Right click within the ROC widget area to bring up a context menu that allows permanently removing that curve, or customizing the color used for the curve
Each curve has a slider to simulate the effect of applying a threshold on the scoring attribute. If the “show scores” option is set, this provides an easy way to select appropriate filter threshold values, which you might apply to variant sets using
rtg vcffilter
or similar VCF filtering tools.
Note
For definitions of the terminology used when evaluating caller accuracy, see: https://en.wikipedia.org/wiki/Receiver_operating_characteristic and https://en.wikipedia.org/wiki/Sensitivity_and_specificity
Note
For a description of the precision/sensitivity interpolation, see: “The relationship between Precision-Recall and ROC curves”, Davis, J., (2006), https://dx.doi.org/10.1145/1143844.1143874
See also
version¶
Synopsis:
The RTG version display utility.
Syntax:
$ rtg version
Example:
$ rtg version
Product: RTG Core 3.9
Core Version: 718f8317b7 (2018-05-29)
RAM: 25.0GB of 31.3GB RAM can be used by rtg (79%)

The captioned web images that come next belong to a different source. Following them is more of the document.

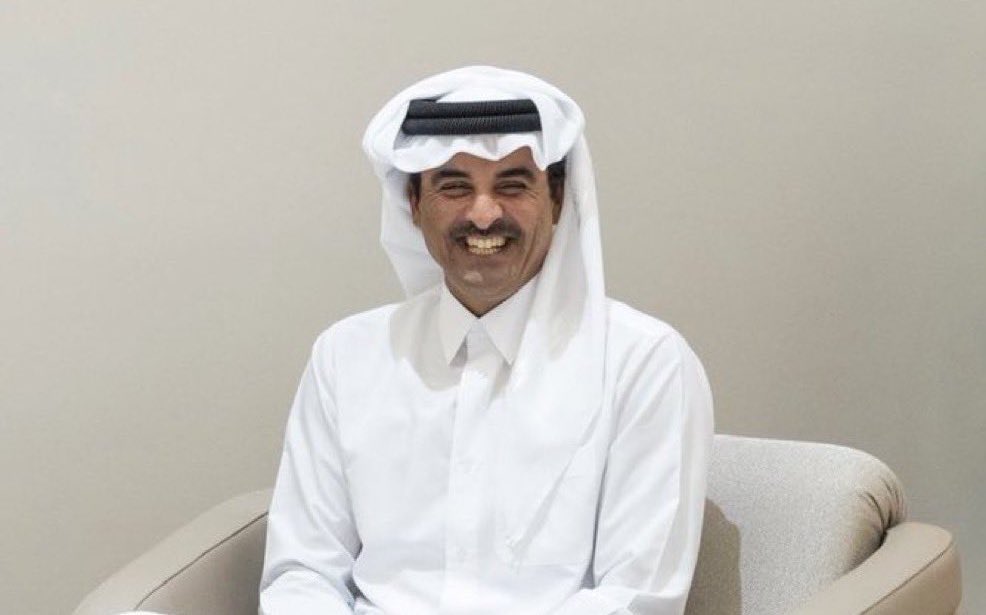 خل الهدايا مالها لازم
وجهك ليلة العيد عيديّة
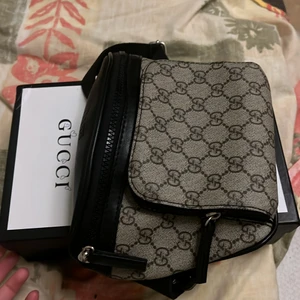 Gucci väska  - Säljer min pojkväns Gucci väska, hans lilla syster har tyvärr ritat på boxen men den finns till om man vill ha. (Finns certifikat ) Inte speciellt sliten, inga märken osv. ( priset går och diskuteras vid snabbaffär) 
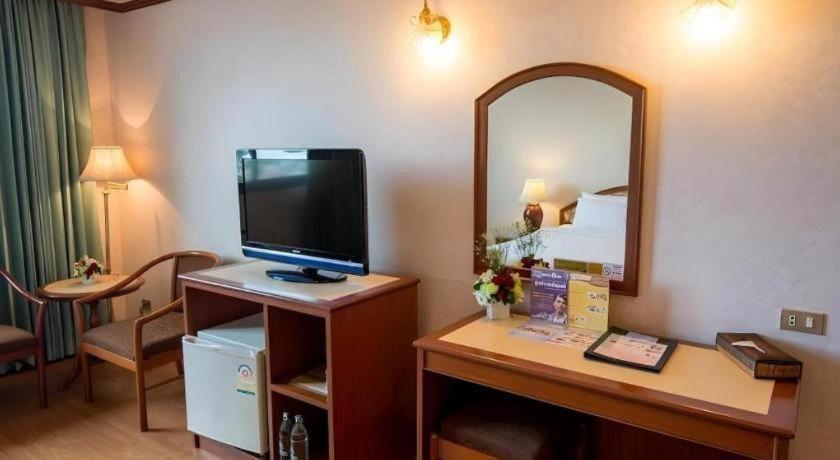 K.P. Grand Hotel Chanthaburi Buitenkant foto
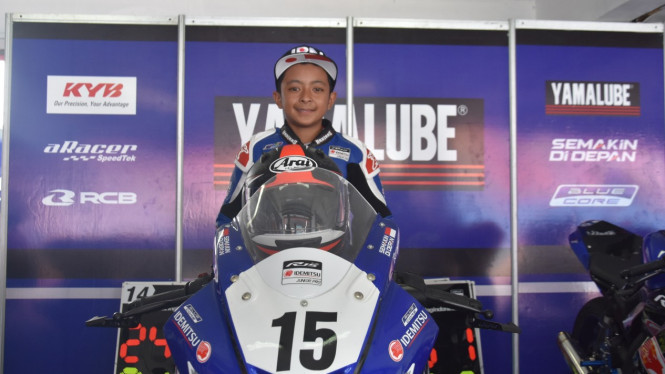 Adu riset Yamaha New R15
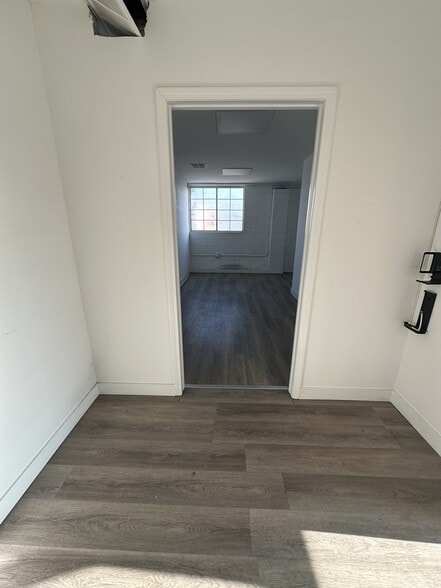 More Photos Of 10066 San Fernando Rd, Pacoima Specialty For Lease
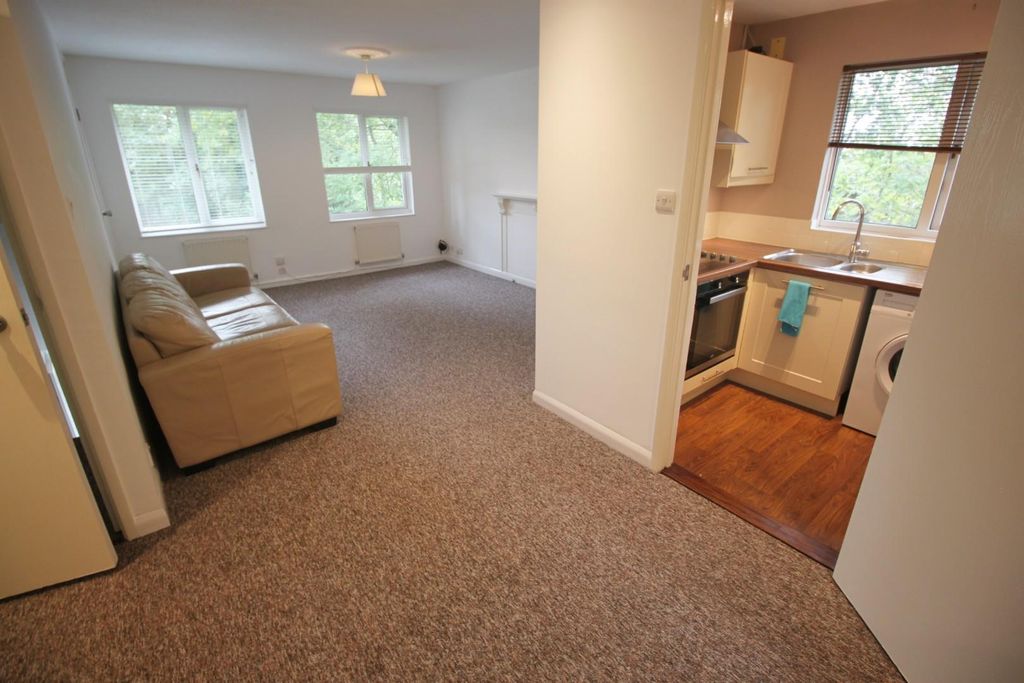 Property photo 3 of 8 Img_8667.Jpg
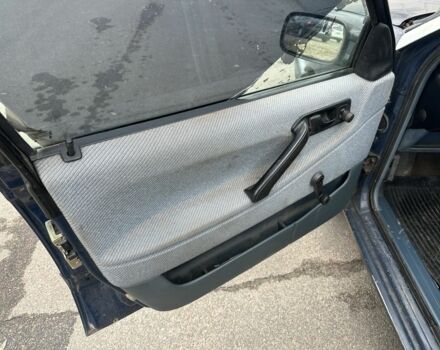 Синий Фольксваген Пассат Вариант, объемом двигателя 1.6 л и пробегом 444 тыс. км за 1300 $, фото 5 на Automoto.ua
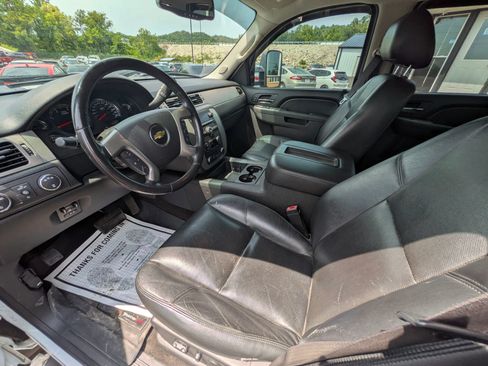 Used 2012 Chevrolet Silverado 3500 LTZ w/ LTZ Plus Package AWD/4WD image 30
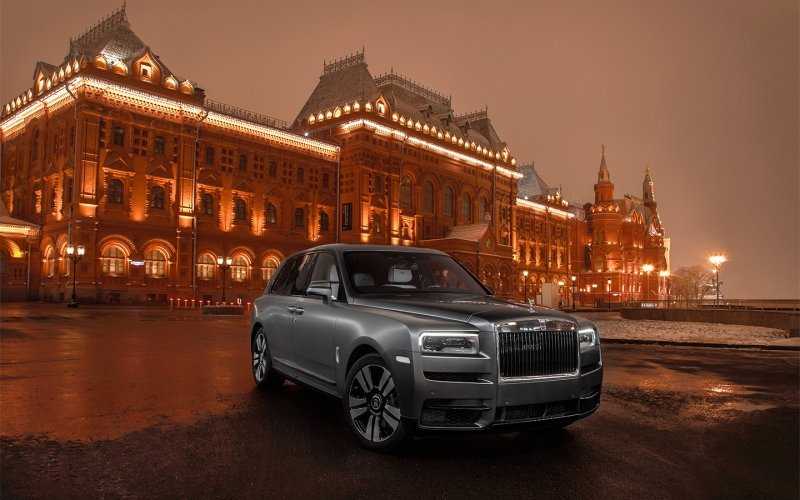 
            Rolls-Royce привез в России четыре уникальных внедорожника Cullinan
        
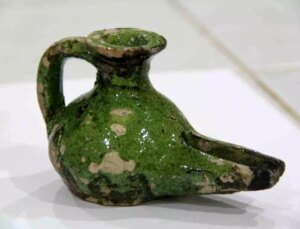 Çorum’un Alaca ilçesinde 800 yıllık kandil bulundu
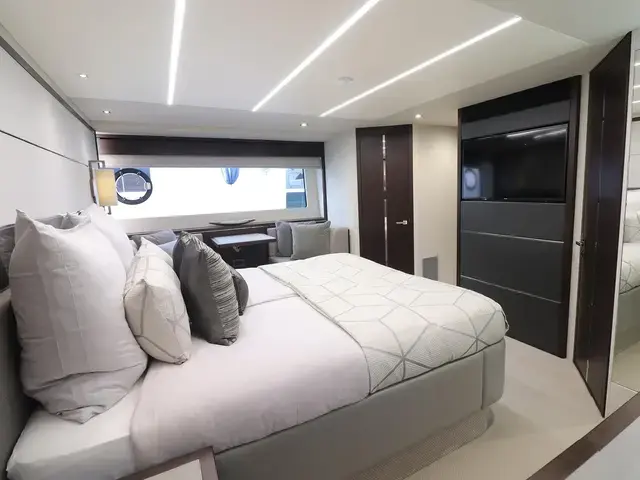 Sunseeker Sport Yacht 74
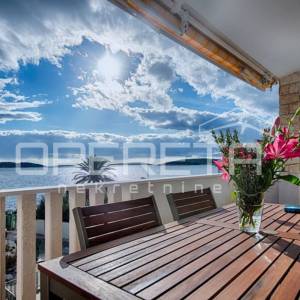 PRODAJA, NOVOUREĐENA KUĆA S 3 STANA, VIS, 100 M OD MORA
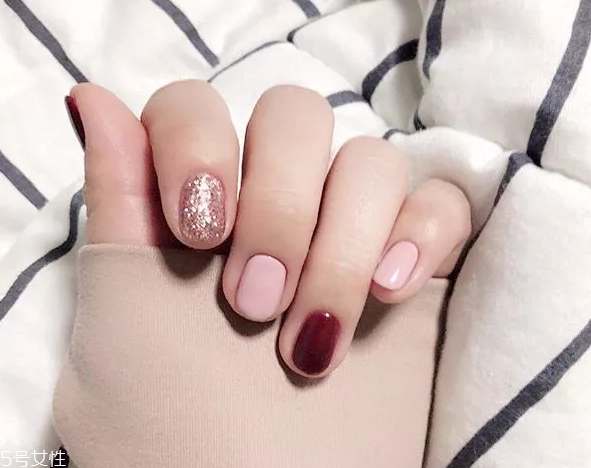 簡(jiǎn)約跳色美甲圖片 這幾款耐看又日常 簡(jiǎn)約跳色美甲圖片 這幾款耐看又日常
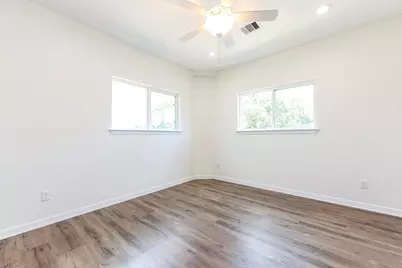 427 Vane Way, Crosby, TX 77532 - Photo 34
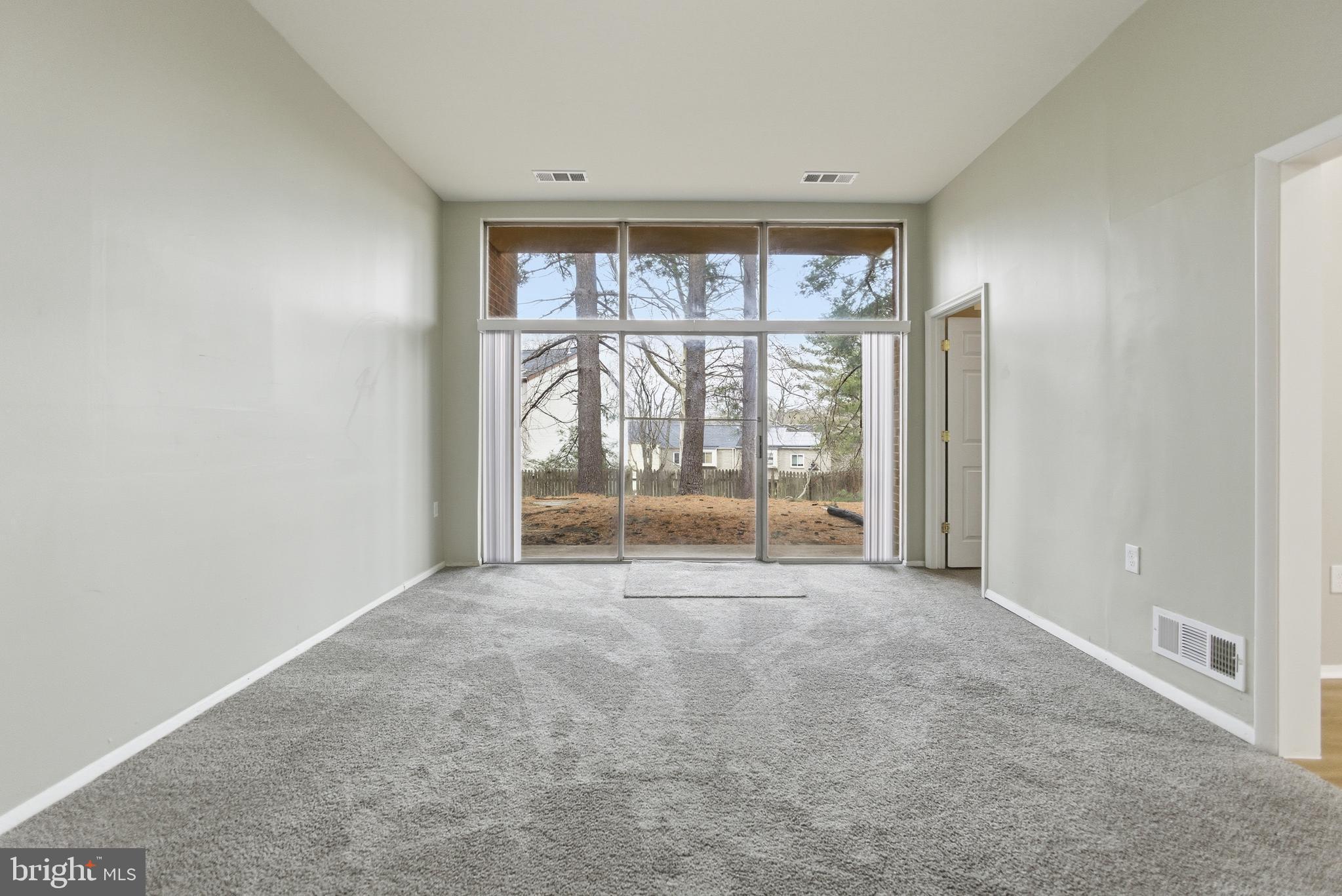 MONTGOMERY VILLAGE - Residential Lease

CPU: Defaulting to 4 of 4 available processors (100%)
JVM: Java HotSpot(TM) 64-Bit Server VM 1.8.0_161
License: Expires on 2019-05-20
Contact: support@realtimegenomics.com
Patents / Patents pending:
US: 7,640,256, 9,165,253, 13/129,329, 13/681,046, 13/681,215, 13/848,653, 13/925,704, 14/015,295, 13/971,654, 13/971,630, 14/564,810
UK: 1222923.3, 1222921.7, 1304502.6, 1311209.9, 1314888.7, 1314908.3
New Zealand: 626777, 626783, 615491, 614897, 614560
Australia: 2005255348, Singapore: 128254
Citation (variant calling):
John G. Cleary, Ross Braithwaite, Kurt Gaastra, Brian S. Hilbush, Stuart Inglis, Sean A. Irvine, Alan Jackson, Richard Littin, Sahar Nohzadeh-Malakshah, Mehul Rathod, David Ware, Len Trigg, and Francisco M. De La Vega. "Joint Variant and De Novo Mutation Identification on Pedigrees from High-Throughput Sequencing Data." Journal of Computational Biology. June 2014, 21(6): 405-419. doi:10.1089/cmb.2014.0029.
Citation (vcfeval):
John G. Cleary, Ross Braithwaite, Kurt Gaastra, Brian S. Hilbush, Stuart Inglis, Sean A. Irvine, Alan Jackson, Richard Littin, Mehul Rathod, David Ware, Justin M. Zook, Len Trigg, and Francisco M. De La Vega. "Comparing Variant Call Files for Performance Benchmarking of Next-Generation Sequencing Variant Calling Pipelines." bioRxiv, 2015. doi:10.1101/023754.
(c) Real Time Genomics, 2017
Parameters:
There are no options associated with the version
command.
Usage:
Use the version
command to display release and version information.
license¶
Synopsis:
The RTG license display utility.
Syntax:
$ rtg license
Example:
$ rtg license
Parameters:
There are no options associated with the license command.
Usage:
Use the license
command to display license information and expiration
date. Output at the command line (standard output) shows command name,
licensed status, and command release level.
help¶
Synopsis:
The RTG help command provides online help for all RTG commands.
Syntax:
List all commands:
$ rtg help
Show usage syntax and flags for one command:
$ rtg help COMMAND
Example:
$ rtg help format
Parameters:
There are no options associated with the help
command.
Usage:
Use the help
command to view syntax and usage information for the main
rtg
command as well as individual RTG commands.